- _Activity_:
Using the material below, return exactly the lines between the one holding "Young dude swimming in sea, looking away" and the one holding "a white building", inclusive, and no others.

————————

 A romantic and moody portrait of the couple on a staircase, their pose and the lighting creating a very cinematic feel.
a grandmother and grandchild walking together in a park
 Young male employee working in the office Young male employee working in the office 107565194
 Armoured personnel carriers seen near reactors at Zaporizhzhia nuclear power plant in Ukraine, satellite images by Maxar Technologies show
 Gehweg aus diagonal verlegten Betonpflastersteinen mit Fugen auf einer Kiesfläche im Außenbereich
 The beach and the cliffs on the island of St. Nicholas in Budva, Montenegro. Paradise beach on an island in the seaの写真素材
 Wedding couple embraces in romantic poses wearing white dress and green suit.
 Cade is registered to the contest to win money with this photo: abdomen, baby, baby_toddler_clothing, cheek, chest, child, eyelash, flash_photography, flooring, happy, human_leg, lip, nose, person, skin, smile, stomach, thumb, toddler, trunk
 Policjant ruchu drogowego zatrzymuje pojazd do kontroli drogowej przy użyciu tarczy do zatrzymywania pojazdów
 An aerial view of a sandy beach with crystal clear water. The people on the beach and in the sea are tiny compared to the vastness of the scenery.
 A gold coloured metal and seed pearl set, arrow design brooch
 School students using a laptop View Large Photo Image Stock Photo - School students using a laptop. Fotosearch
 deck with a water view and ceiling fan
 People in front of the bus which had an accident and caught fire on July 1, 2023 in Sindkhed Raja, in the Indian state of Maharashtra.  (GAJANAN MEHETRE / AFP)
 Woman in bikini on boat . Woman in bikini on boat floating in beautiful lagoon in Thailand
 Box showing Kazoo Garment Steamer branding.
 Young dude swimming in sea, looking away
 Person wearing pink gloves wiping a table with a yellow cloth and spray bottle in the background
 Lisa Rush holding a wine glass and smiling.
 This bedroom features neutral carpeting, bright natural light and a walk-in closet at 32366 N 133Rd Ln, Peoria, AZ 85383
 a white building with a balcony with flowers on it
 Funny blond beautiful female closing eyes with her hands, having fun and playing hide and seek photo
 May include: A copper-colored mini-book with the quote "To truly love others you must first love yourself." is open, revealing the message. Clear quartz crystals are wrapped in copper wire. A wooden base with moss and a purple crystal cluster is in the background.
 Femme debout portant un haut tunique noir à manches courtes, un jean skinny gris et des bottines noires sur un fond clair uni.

————————

- _Written answer_:
 Young dude swimming in sea, looking away
 Person wearing pink gloves wiping a table with a yellow cloth and spray bottle in the background
 Lisa Rush holding a wine glass and smiling.
 This bedroom features neutral carpeting, bright natural light and a walk-in closet at 32366 N 133Rd Ln, Peoria, AZ 85383
 a white building with a balcony with flowers on it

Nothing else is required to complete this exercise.